Carissimi,
“Che fece oggi il Palermo?” Attenzione alla risposta: “Due e ziero! Vinciemmu“.
In questa risposta le motivazione del perché le sorti calcistiche di questa città, a meno di sparuti momenti, sono sempre state destinate alla tribolazione. Tranquilli, sono consapevole che fin quando si parla di politica, di economia, finanche di religione, si può tentare di imbastire un discorso dialettico, ma non appena a Palermo parli del “Palermo”, come si dice dalle nostre parti: “A stari attentu a chiddru ca dici!”
Pertanto anticipo una frase che è seconda (forse) solo alla frase che campeggia nei dollari americani (“In God We Trust “) nel mio caso “Forza Palermo“. Per dimostrare le motivazioni della mia convinzione utilizzerò dei costrutti lessicali prettamente da marciapiede palermitano e quindi chiedo la benevolenza di non segnarmeli quali errori grammaticali.
Ritorniamo alla risposta iniziale (2 -0), “vinciemmu” (abbiamo vinto) ammirevolmente come a volere legare la prestazione dei giocatori al tifoso, come se quest’ultimo fosse sceso in campo.
Attenzione, se la risposta fosse stata (0 – 2), “Ziero e dui” nella stragrande maggioranza dei casi la considerazione successiva sarebbe stata “piersiro” (hanno perso), come a voler prendere le distanze dalla squadra.
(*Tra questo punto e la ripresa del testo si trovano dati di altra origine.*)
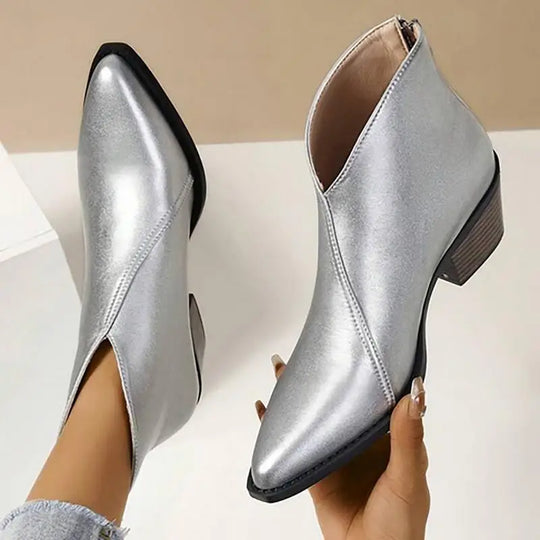 Damen Leder Stiefeletten mit Spitzer Spitze & Plateauabsatz | EB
Ciò accade solo a Palermo, “vinciemmu-pirdieru”, fin dai tempi del mitico “Lampo Sport” e forse ancora prima. Il “Palermo” seppur la squadra del nostro cuore è per la quasi totalità dei palermitani un’entità a parte.
La squadra è lo specchio della città e quindi perché proprio il “Palermo” in controtendenza storica dovrebbe essere l’unica realtà ad andare bene nel suo contesto?
Mi sono chiesto “se oggi fosse vivo il Gattopardo, siederebbe in tribuna autorità?”
Per non offendere nessuno, prendo a prestito il principe Don Fabrizio di Salina, per ipotizzare l’atteggiamento della “nobiltà” o della ricca borghesia di questa città, un personaggio tra lo storico e il letterario al quale abbiamo spesso addebitato la sentenza sul nostro modo di essere e sulle nostre sorti apparentemente cangianti ma immutabili nel tempo. Se ho compreso bene l’indole del personaggio, si guarderebbe bene dall’entrare nella proprietà di questa società e rifiuterebbe qualunque biglietto di tribuna autorità con la stessa convinzione con la quale rifiutò lo scranno di senatore (lasciandolo a chi ha necessità di mettersi in mostra, di chi nuovo arrivista ha bisogno di presenziare per distinguersi dagli altri e brillerebbe per la sua assenza).
Il Gattopardo comprerebbe l’abbonamento per un posto in tribuna, il numero uno, il più caro, per lasciarlo ogni domenica vuoto, affinché chi deve sapere, chiunque arrivi alla proprietà di questa società, sappia che il “principe è un importante amico” della squadra, ma senza lasciarsi coinvolgere con la sua immagine.
Il Gattopardo sarebbe pronto a dedicare un brindisi da illustre sostenitore a seguito di un prestigioso successo o a raccogliere, costernato e in rigoroso silenzio, le proteste e le indignazioni dei tifosi traditi dai risultati di una proprietà “piemontese” (come definirebbero i suoi coevi, tutto ciò che viene dal nord) che oggi sentono terribilmente lontana.
Quindi anche davanti alla nostra storia che cosa è cambiato? Un abbraccio, Epruno.